Mrs Pritchett waited, but no further details came. After a moment or two, the girl said, ‘Your husband is not here with you then?’
‘My husband and I were divorced several years ago,’ Mrs Pritchett said. The urge to present this girl with something of her life was now too insistent to be any longer denied. ‘As a matter of fact,’ she said slowly, ‘I was to have married again, but I backed out at the last minute.’
She paused on this for several moments. Then, as the girl said nothing more she began again, in slow deliberate tones, almost as though reciting: ‘Mark, his name was. He was a widower himself. A partner in a firm of solicitors in Penrith. He played cricket sometimes for the Penrith second eleven.’ She always began like that, even when she was only telling the story to herself. It was important to get these preliminary details right, establish poor Mark as a living man. ‘But his main interests,’ she said, ‘were going to bed with me and troutfishing. I put them in that order though I don’t know where the true emphasis lay, I mean I don’t know which came uppermost in Mark’s mind. Actually, he liked to combine the two things. Not simultaneously, but over the week-end, you know …’
The attentive oval of the girl’s face was turned towards her. Her voice quickened, lost its first diffidence. ‘He used to take me to this cottage,’ she said, ‘which belonged as a matter of fact to a friend of his, a doctor by profession, also of Penrith. He used to take me there in his green M.G. Mark, that is. I walked out on him a month, less than a month before the wedding day, left him standing in midstream, literally and figuratively, he was actually standing in the river fishing when I decided to go. He ate his aphrodisiacal buttered trout alone that night …’ Her tone had become harsher, more vibrant, as at some residual pain, though still of impeccable modulation. ‘He was a good man,’ she said. ‘I just couldn’t stand him.’
At this moment, moving outwards a little and turning her body in the water, Mrs Pritchett caught sight of Spumantini, crouching not three yards off, pre
sumably listening to their conversation. Rage rose in her at the sight. Was she to be dogged for ever by this hideous lecherous Levantine? Checking her first impulse, which was to assault him with her nails, she said quietly to the girl, ‘Shall we move on a little, into the deeper part? I am getting chilly round the shoulders.’ The girl assented and side by side they waded out, feeling the water rise gradually higher over breast and shoulders. When she judged they had gone far enough, Mrs Pritchett said quickly, ‘Let’s just cut across to the other side, shall we?’ and she took the girl’s arm with gentle urgency. That will have thrown him off the scent, she assured herself. Myopic beast.
Farnaby, who had contrived to hear a good deal of this conversation, failed however to notice their withdrawal because he allowed himself to be distracted at this crucial point by two male voices in altercation, voices which had been getting steadily more obtrusive, one precise and mincing, the other definitely foreign with a displeasing abrasiveness about it, and very harsh aspirations.
‘Discharge,’ this latter voice was saying, ‘in art as in life. That is my theory Henry. More than a theory.
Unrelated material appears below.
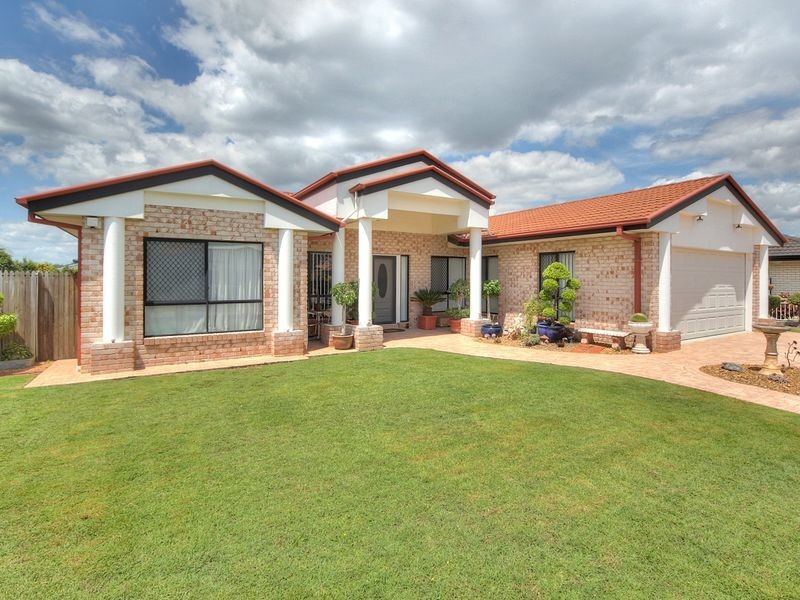 12 Harwood Place, Parkinson QLD 4115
It is an article of faith with me.’
‘Like most of your ideas,’ the other man said, ‘it manages to be sentimental and brutal at the same time.’
Farnaby was able now to see the forms of the two men, who had approached to within two or three yards of him: the one addressed as Henry thin and somewhat taller than average, with what seemed a sort of superstructure on his head raising his height still further; the other bulky, bald, with thick drooping moustaches. He recognized them for the couple that Lusk had described, with an effect of grudging praise, as practising.
‘No, no, no,’ the man called Henry said, spacing the monosyllables pedantically. ‘It is glorified mallachia. It is a masturbatory theory, Alexis.’ He looked at Farnaby while saying this, presumably in the wish to include him. With something of a shock Farnaby saw that the superstructure on his head was a plastic mob-cap, doubtless intended to keep his hair dry. The bald man nodded to him.